The problem is that that’s a recursive definition, and, as is typical for first-order theories, TNT has no direct means for expressing recursive definitions.

So, finishing things off with the proof that any finite list of numbers is the start of some divarithmetic sequence: The key now is the Chinese Remainder Theorem: this tells us that if a[sub]1[/sub], …, a[sub]m[/sub] are all relatively prime (i.e., no prime divides any two of them), and <b[sub]1[/sub], …, b[sub]m[/sub]> is any list such that each b[sub]i[/sub] is less than the corresponding a[sub]i[/sub], then there is some number Div such that Div mod each a[sub]i[/sub] is the corresponding b[sub]i[/sub].

Thus, if we want some list B to be the start of some divarithmetic sequence, it suffices to find an arithmetic list A of the same length, all the elements of which are relatively prime to each other, and each element of which is greater than the corresponding element of B. Of course, for this last condition, it suffices that each element of A be greater than the maximum over all of B.

So if we could prove that there exist arbitrarily long, arbitrarily high-starting arithmetic lists of all relative primes, we’d be done.

This we do now:
Theorem: For any m and s, there exists an arithmetic list of length m, every element of which is > s, and any two elements of which are relatively prime
Proof: Let F be the product of all the primes < m.
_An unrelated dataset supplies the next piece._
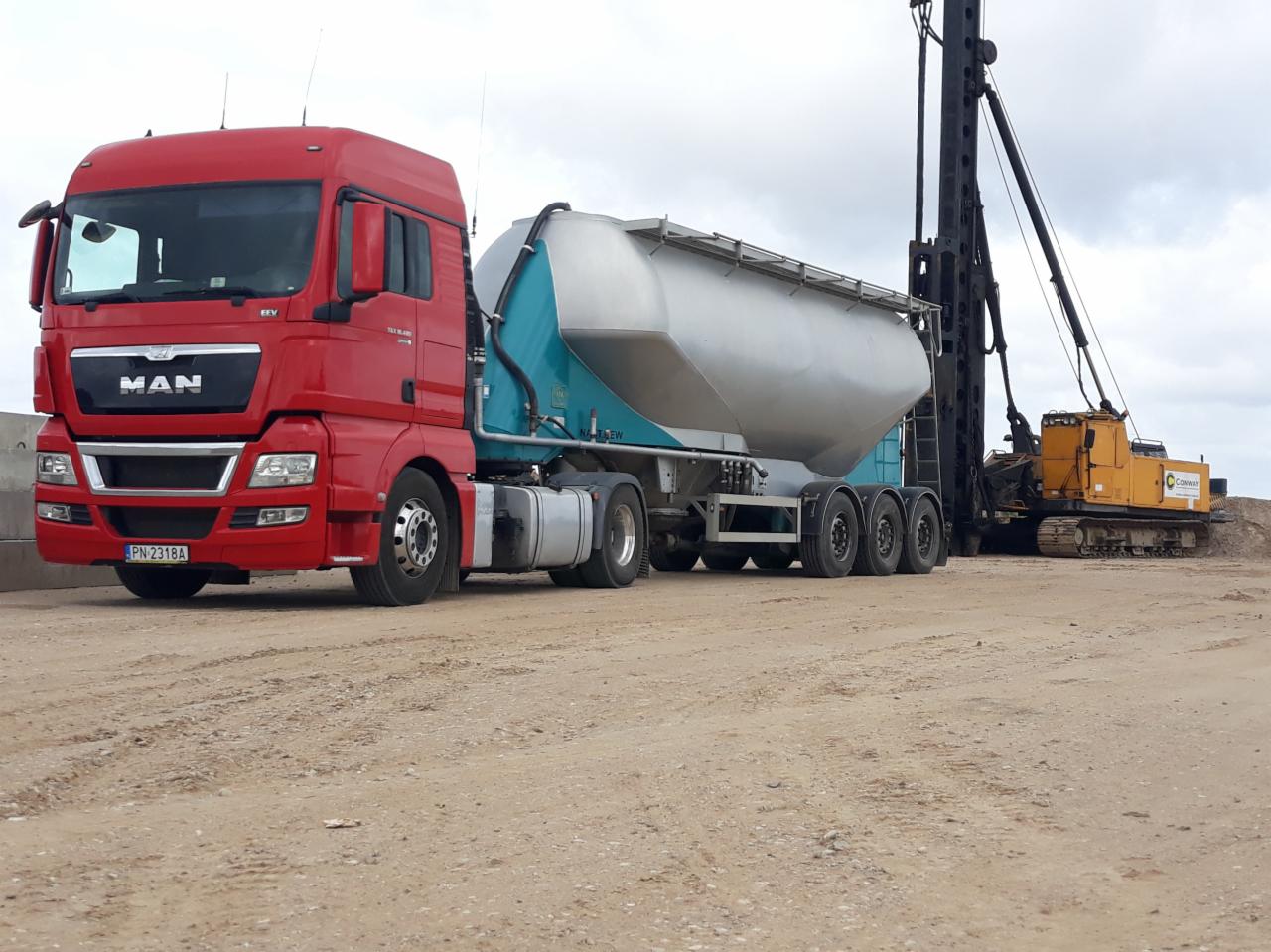 Czerwona ciężarówka MAN z naczepą-cysterną na placu budowy, w tle palownica.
Consider the list of length m whose k-th element is 1 + (k + s)*F (using the convention that the first element has k = 0 and the last has k = m-1). This is clearly an arithmetic list of length m; furthermore, each element within it is >= 1 + s * F > s * F >= s (this last step because F >= 1). Thus, it only remains to show that every two such elements are relatively prime; that is, no prime divides both 1 + (k[sub]1[/sub] + s)*F and 1 + (k[sub]2[/sub] + s)*F for indices k[sub]1[/sub] < k[sub]2[/sub]. Assume, for the sake of contradiction, that the prime p divided both of these. Then p does not divide F (for if it did, it would have to also divide 1, which is impossible). But if a prime were to divide both of those, it would have to divide the difference, (k[sub]2[/sub] - k[sub]1[/sub])*F. As it couldn’t divide F, it would have to divide k[sub]2[/sub] - k[sub]1[/sub]. But this would mean it must be less than m, which would force it to divide F after all, yielding a contradiction. This completes the proof.
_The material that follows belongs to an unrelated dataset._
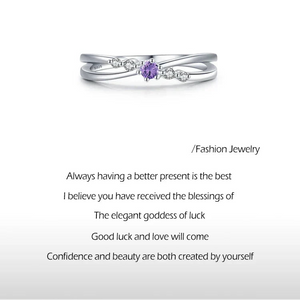 925 sterling silver ring with purple center gemstone and small clear crystals on a white background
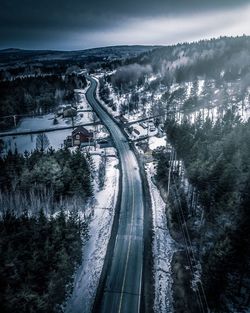 High angle view of road amidst trees against sky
What a mess, eh? Still, it gets the job done.

It’s worth noting, incidentally, that if you removed multiplication from the definition of TNT, you couldn’t immediately get it back by finding a way of expressing it in terms of addition; in fact, you couldn’t get it back at all. In technical terms, Presburger Arithmetic doesn’t interpret Peano Arithmetic. The trick of expressing recursive definitions in terms of lists is quite general, but the specific hack of simulating lists using arithmetic sequences is only very narrowly applicable, and can’t get off the ground if you don’t already have the ability to express multiplications.

Ok, thanks for that, your math posts are always very thorough. :slight_smile:

But I have to wonder, does Hofstader really intend the reader to go through all of that hoop-jumping? Is there a way to write the statement with just the rules covered in the book to this point, which are just the basics? We certainly haven’t covered the chinese remainer thereom, and I don’t think modular arithmetic either. I would imagine there’s some answer with a few lines of cleverly constructed symbols. It does say these are practice exercises to test your understanding of the notation of TNT, after all. But then again, maybe not.

Well, hence the statement "and if you know quite a bit of number theory. ", I assume.

The final answer you get is pretty terse; it’s just proving that it works that’s complicated.

(It occurs to me, as a tiny, pedantic nitpick, that even after the corrections mentioned above, your formulation of “b is a power of 2” is as “b can’t have an odd factor”, but it really needs to be “b can’t have an odd factor greater than 1”. So where we used 2d + 1 = a, this should be replaced with, say, 2d + 3 = a. But this isn’t really an issue with your understanding of the syntax of TNT.)